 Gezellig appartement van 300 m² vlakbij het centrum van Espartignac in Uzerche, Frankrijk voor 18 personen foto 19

--

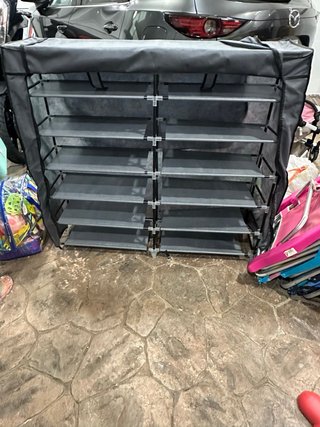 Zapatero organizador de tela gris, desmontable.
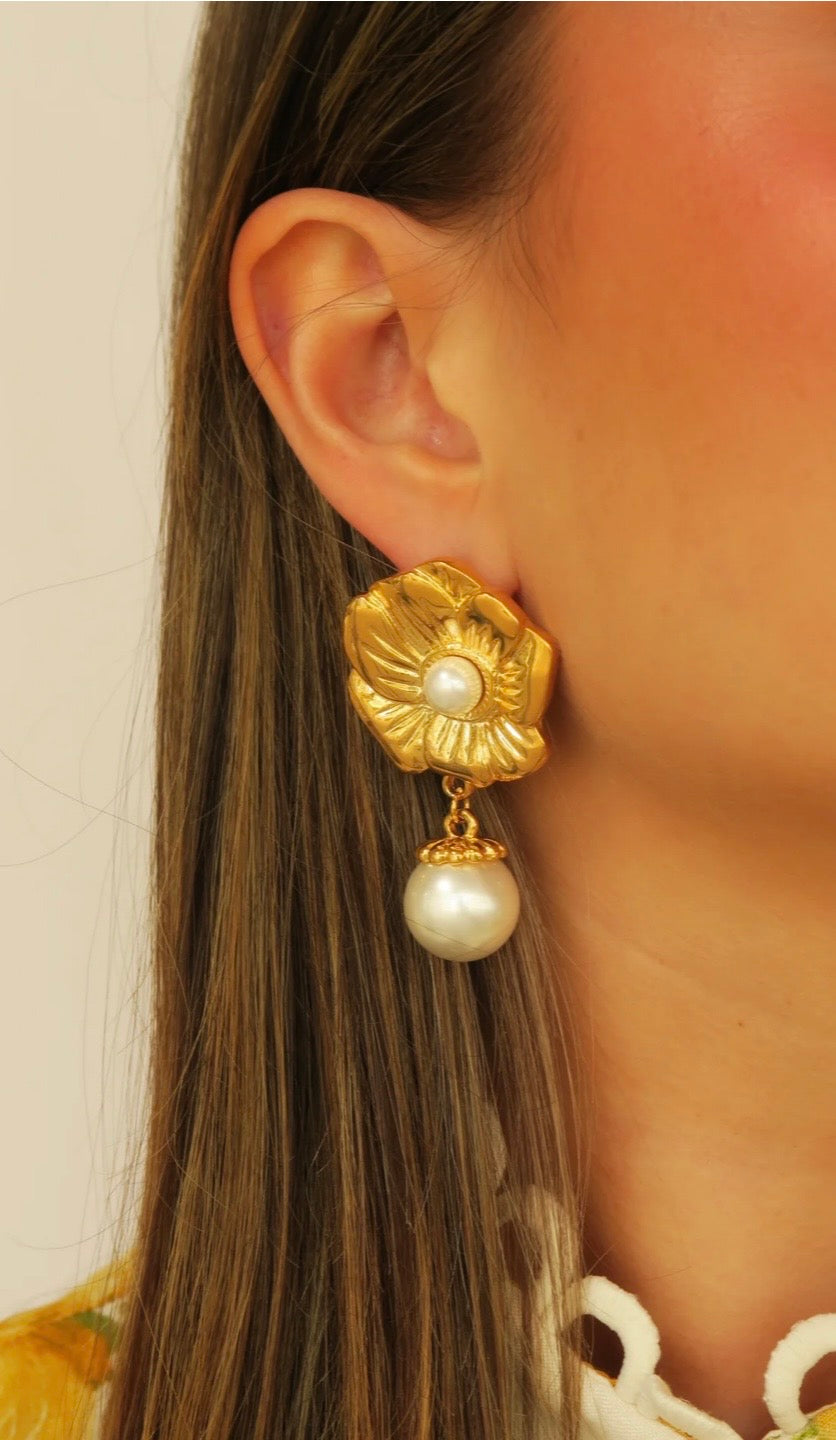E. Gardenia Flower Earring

What to produce: Leave out every picture, and copy exactly the lines above starting at the one holding "Zapatero organizador de" and ending at the one holding "E. Gardenia Flower Earring", no more and no less.

Solution for this problem:
 Zapatero organizador de tela gris, desmontable.
E. Gardenia Flower Earring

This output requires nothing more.